I have three years exp. and I am planning on going to school. I have worked in many different places from casual to fine dining. I have finally worked my way up from dishland to being a line cook. I have made from $6 to $15 an hour. The job that I am at now the KM is asking me what to do or what do I think or can I take over so he can fart off. And I'm at the bottom of the barrel with the pay to show for it. H*** he's never in the kitchen any more, you would think he was a front of the house manager. Now my thing is I know I am good at whatever I put my mind to but what am I worth? Espacialy standing next to men with over 15 yrs of expeirence with my little 3 yrs with no type of papers. How do you classify your selfworth? I'm so confused.


----------



## fledgling (Jan 13, 2007)

I'm not sure. At my work, I get paid an extra $2 an hour because I am a culinary student. The reason is, I work in high-volume and we usually need temps that have NO experience (or know a word of the english language). I have a great position there- I prepare meals for the suites at Invesco Field (Bronco's stadium) and talk with the customers, and they love to watch someone prepare the food for them, and I got that because I am in culinary school. 

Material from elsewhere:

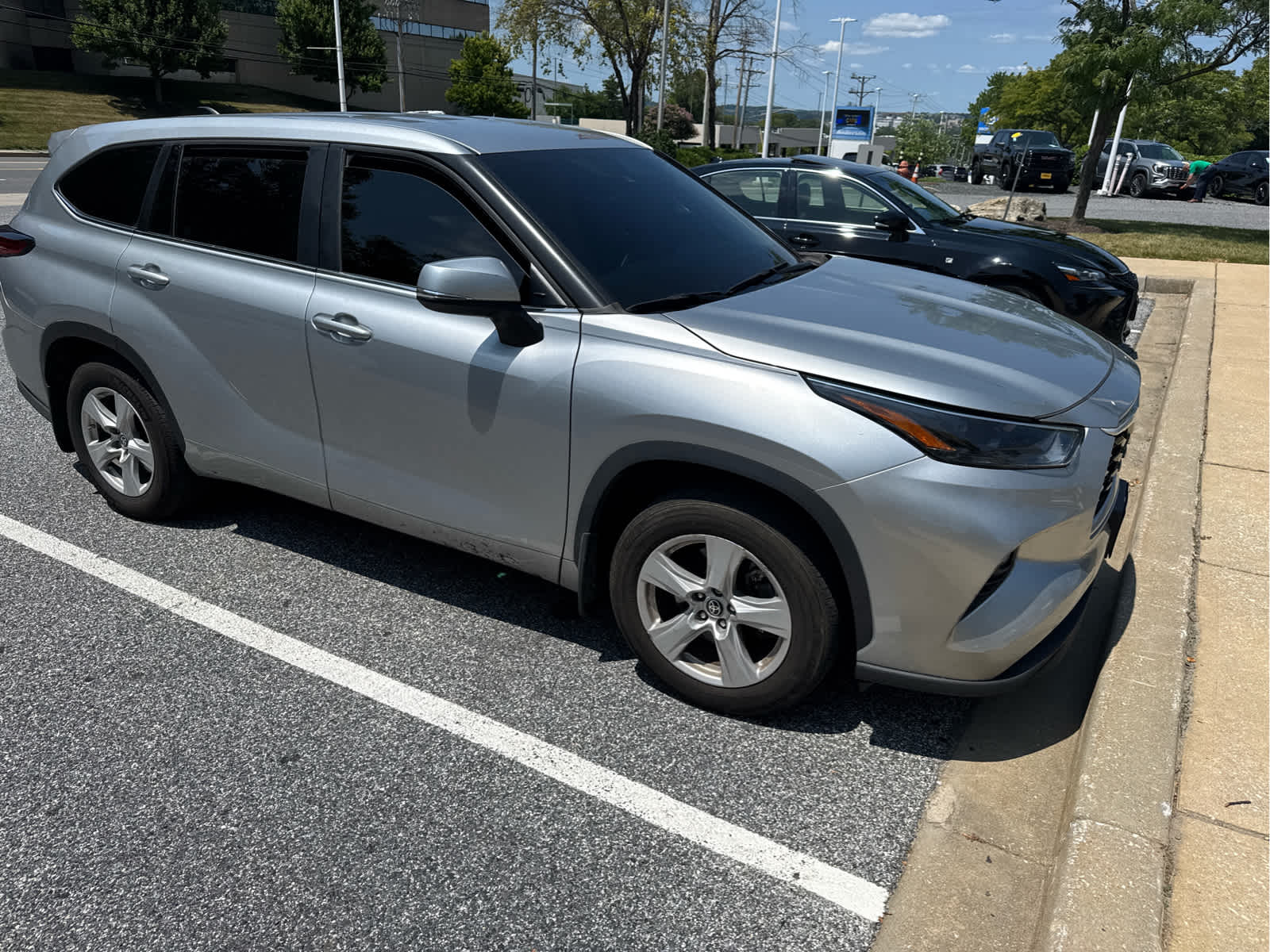 2023 Toyota Highlander LE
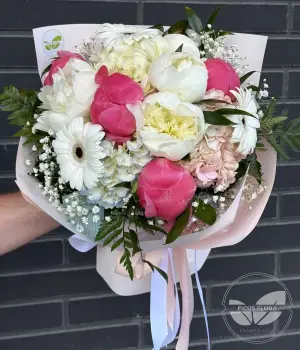Graceful Bloom. Fresh flower bouquets in Toronto | Ficus Flora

There aren't any better positions at my workplace other than supervisory (which I would rather not have), and they base that off of experience. Give yourself a few more years and you'll get great pay. I've learned that I will not work for anyone under $11/hr now, but I'm still young in this industry too. Good luck.


----------



## panini (Jul 28, 2001)

My position is OK.
My pay could always be better.
of course I work to live, used to do the opposite.


----------



## steve a (Mar 13, 2006)

Welsh, is your dad JL???

Regarding pay, it depends *more* on your location vice your abilities. In a metropolitan area a low end cook will make far more than a high end cook in the boonies. It's all about the cost of living.

Ciao,


----------



## welsh (Jan 8, 2007)

No not JL but SL.
thanks for the advice everyone


----------



## ras1187 (Oct 3, 2006)

Of course I will always want higher pay, but for now 11/hr is really good for the chicagoland area. I inquired about an opening at a very nice french bistro, and their cooks make 7/hr.


----------



## salliem (Nov 3, 2006)

I am currently the prep cook for a sports bar/restaurant in Florida..I have 29 years experience..no culinary school and I make fairly decent money. I too have checked around and my pay scale is much higher than most here.


----------



## headless chicken (Apr 28, 2003)

Problem is, there is no standard pay to rank/exp. I only got 1 year in my belt plus 2 in schooling with no papers and I started off at $10/hr, no benefits till after a 6 month probationary. Here I am 1 year later, 3x the workload, at $11/hr only made worse now with people leaving left and right. If that isn't the bad part, home office won't let us hire more people unless we can make more money to justify the extra help. 

um...wtf? Sales will continue to go steadily down with people leaving and you won't let us hire replacements unless you see more money. More people = higher sales, 3 people can't man 5-6 stations 10hrs per day.


----------